At that moment, Sito left the shop and the cars moved up a meter. He walked toward me with a piece of flimsy pink paper in his hand, on the center of which the number 435 had been quickly scribbled. “It’s my lucky number. I always play it, but only sometimes win,” he said. Then Sito surprised me further still: he turned the paper over and showed me another number, 733. He was radiant: “
El Pajarito
and
el Uruguayo
, and the two of us meeting, to boot. You’d better believe I’m going to win today!” As we crossed Esmeralda it occurred to me that Sito might be the cause of every bad thing that had happened, particularly and most obviously M’s death. It was a ridiculous idea, but I was surprised that nothing kept me from thinking it. Sito talked about the prime sales periods for mattresses; when they sell more, it’s not that the prices go up, but rather that there are no discounts. He said: It’s our policy. So I changed the subject; I asked him to imagine that he is in a café, having a coffee, when a false move knocks the glass ashtray off the table. He hears the noise—it has broken—but when he bends down he finds only half there on the floor; the other is gone. I asked Sito how he would react if, after looking again and again, he could not find the other half. “I wouldn’t believe it,” he answered. “But if that’s how it was—if you were there and the ashtray had fallen from your own hands,” I insisted. “In that case, I would think it had disappeared, but that the part I couldn’t see had to be somewhere—that it must still exist in one form or another, that there must be some reason for it.”
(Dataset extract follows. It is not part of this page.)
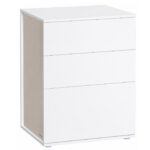 VASAGLE Noptiera cu 3 sertare, constructie robusta cu design modern minimalist, 45x35x59 cm, alb mat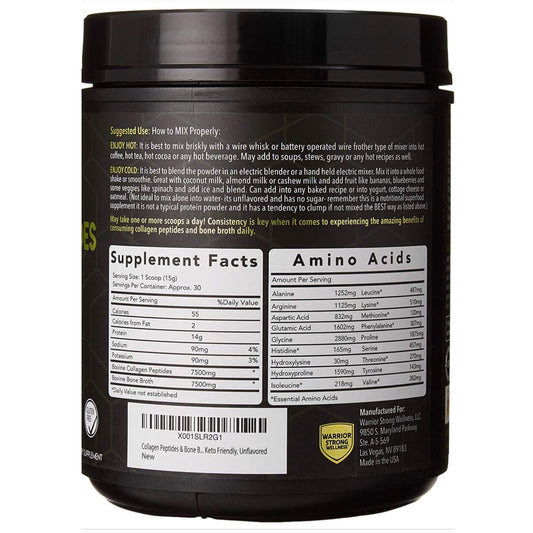 Warrior Strong Wellness scoop beside container for easy portioning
As I have already said, Corrientes slowly took on a horizontal light, compressing all visual perspective. At the far end, in the west, the sun gradually set. The curves of the street hardly mattered; it was as though the rays of light were traveling straight through the buildings. Sito continued explaining, much more interested in his response than I was—I had immediately gotten distracted: I would look in all four directions, and if there was nothing to catch my attention, nothing that something could be hidden under, and if there was no one who could have hidden it or seen anything, then I would say to myself,
it’s lost
. It was an unobjectionable piece of common sense. As I walked a while later along Bernardo de Irigoyen toward Constitución, I would think about the different types of tragedy. Nothing stands in the way of taking the disappearance of half an ashtray as a sign, an omen, an effect, a cause, a proof, or a reminiscence. It might also be that the women, aware that someone was listening, had invented the dialogue in order to trick me, referring to a completely false event. But I was not interested in its degree of truth, only the scale of what I had heard. Perhaps it had not happened to either of them, but rather to someone who had then told them about it, or one of them might even have read it, or it might have been part of a movie. In that case, the enigma would be of a secondary nature, like the final echo produced by a clap of thunder, in whose resonance the singular moment of truth that generated it becomes unclear.